急逝により企業の経営権が分散してしまったEさん
Eさんはご自身で起業した会社の規模を少しずつ拡大してきた中小企業の経営者です。
Eさんの専門性を活かしたBtoBの卸売業で、根強い需要に支えられ、地域の雇用にも貢献しながら地道に大きく育ててきました。
Eさんは早くに妻を亡くしましたが、2人の子どもが立派に成長しました。長男は有名大学を卒業して金融業界に勤めています。次男は大学を卒業した後にEさんの会社に就職して実務経験を積んできました。
Eさんは次男に会社の経営を継がせ、自身の引退後も業界や地域のために会社を継続させたいと考えていました。

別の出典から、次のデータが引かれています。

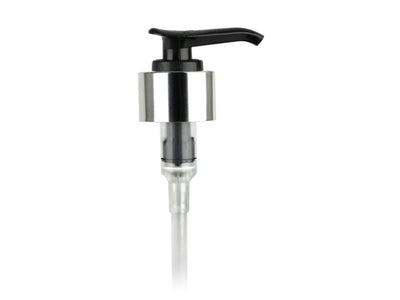 24-410 Silver/Black Metal Shell Lotion Pump Lock Down Head 8.75" Dip Tube (Output 2cc)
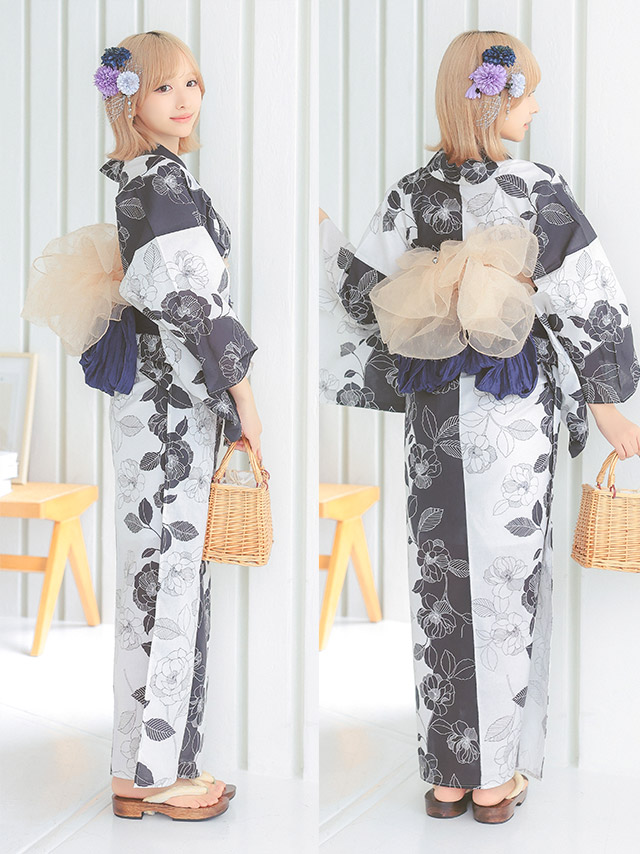 レトロ モノトーン 椿 ゆかた 3点セット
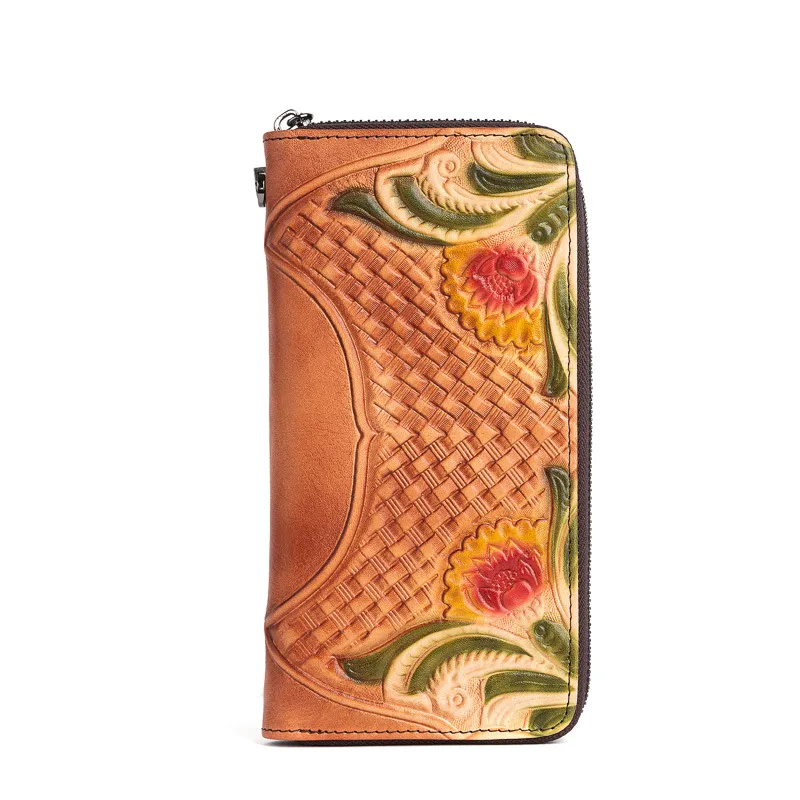 Handmade Black Leather Wristlet Wallet Womens Floral Zip Around Wallets Flowers Ladies Zipper Clutch Wallet for Women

とはいえ、次男はまだ30代でEさんも60代、経営権を交代するには時期尚早です。事業承継はあと10年先でよいと考え、具体的には何も準備をしていませんでした。しかし、この判断が会社の危機を招くことになってしまったのです。
不幸なことに、Eさんは営業先で交通事故に遭い、突如として帰らぬ人になりました。幸い会社経営については次男が大筋を把握していたので当面は問題ありませんでしたが、問題は会社の経営権です。
Eさんは遺言を遺していなかったため、会社の株式をどう分配するかを兄と弟で話し合うことになりました。
大多数の関係者は、弟が株式のすべてを相続し、会社経営に混乱が生じるリスクを排除してほしいと希望していました。弟からも兄の理解を求めましたが、結果として兄は会社の株式について法定相続分の割合を要求しました。
弟が会社の株式をすべて取得し、兄に同等の対価を渡すことができれば交渉の余地はあったのでしょうが、株式評価額は数億円にのぼり、相続税を支払ったうえでそれだけの現金を用意することは不可能でした。
兄は会社の経営にはこれまでノータッチでしたが、金融機関でキャリアを積むと同時に、将来的には経営者としての道をサブキャリアとして残しておきたいと考えていたのです。
この結果、会社の株式は兄弟で等分に分けられ、経営権は分散することになりました。
弟はどうにか会社経営を続けていますが、重要な意思決定の際には会社の実務に通じていない兄の合意を得なければならず、その対応に苦慮しています。
そして経営の意思決定が遅くなってしまった結果、会社のビジネスは徐々に停滞するようになり、多くの優秀な社員が離職していく結果となってしまいました。